### THE PROBLEM
Here the job is to repeat the listing exactly, but not the pictures in it.

### DATA SEGMENT
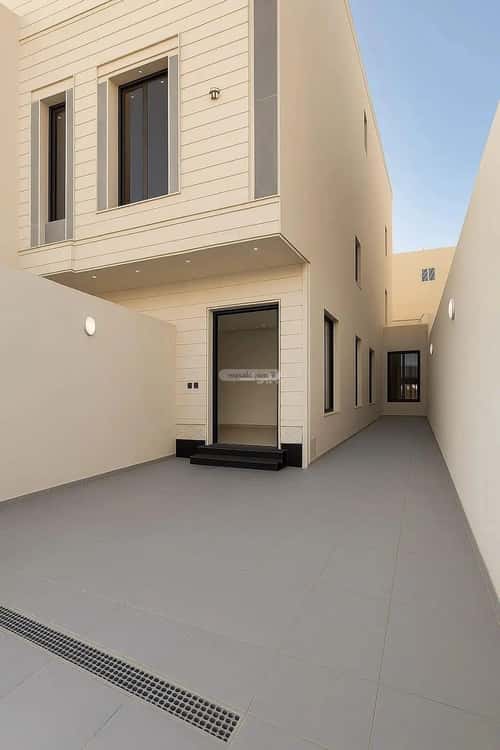 5 bedroom villa in Al Janadriyah 14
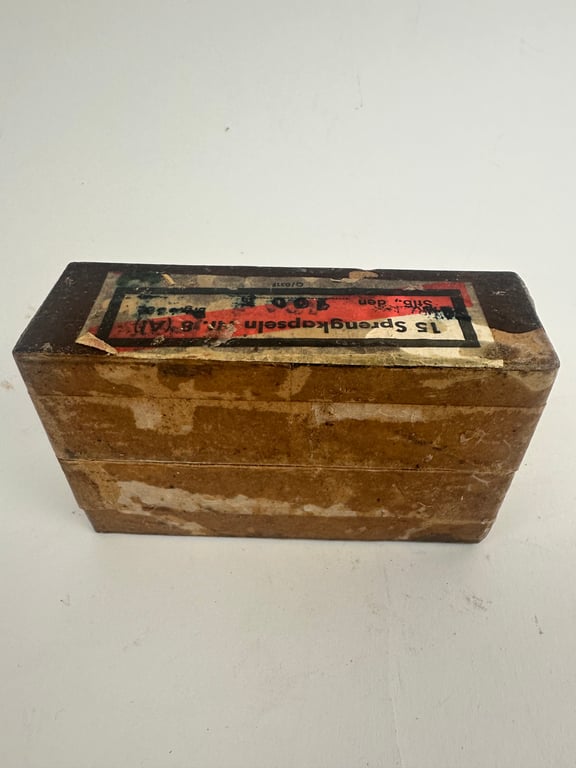 BOX 15 SPRENGKAPSELN FOR M24 STICK GRENADE.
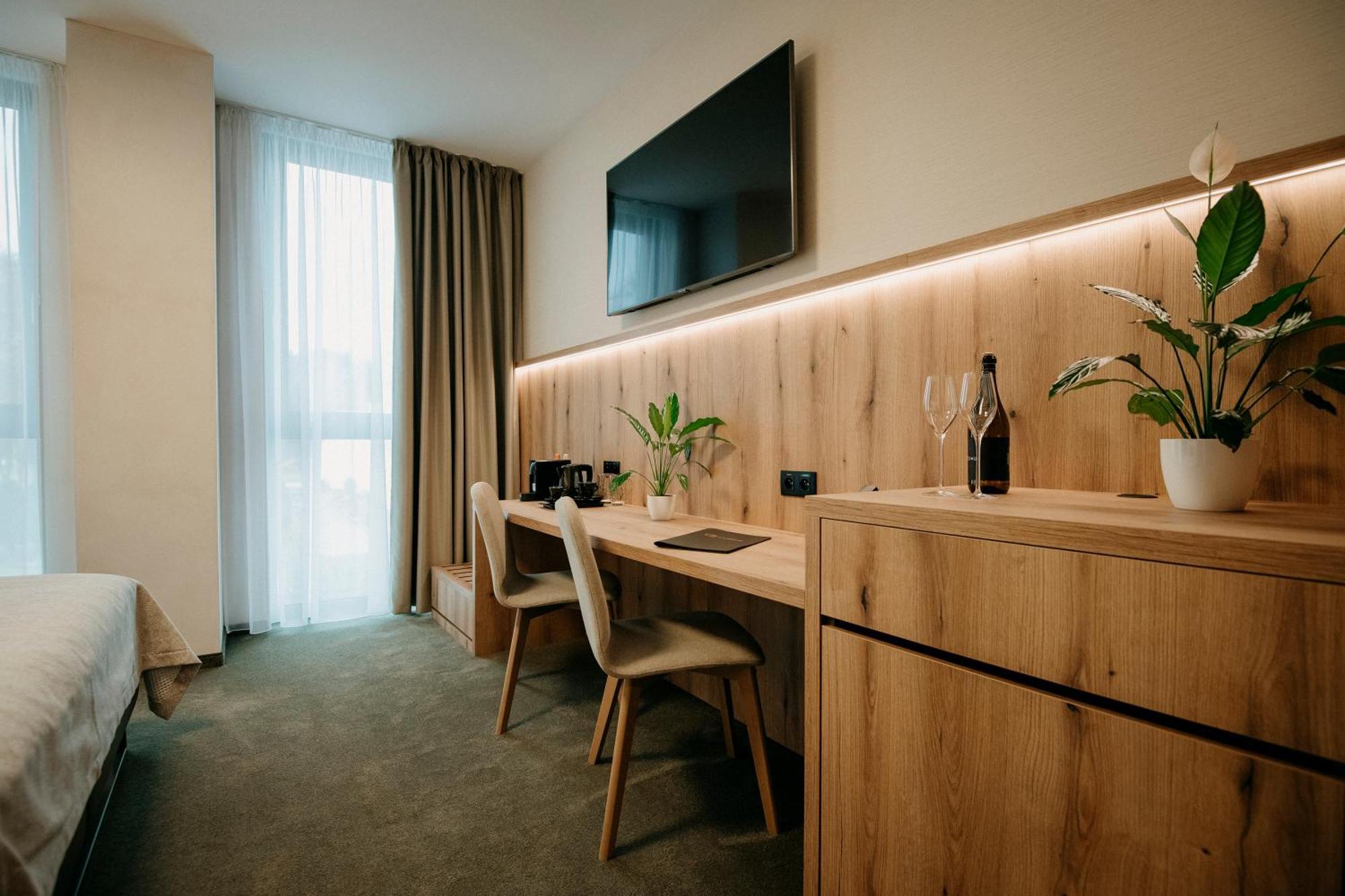 Rm Hotel Wellness & Congress Prievidza Exteriör bild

### EXERCISE OUTPUT
 5 bedroom villa in Al Janadriyah 14
 BOX 15 SPRENGKAPSELN FOR M24 STICK GRENADE.
 Rm Hotel Wellness & Congress Prievidza Exteriör bild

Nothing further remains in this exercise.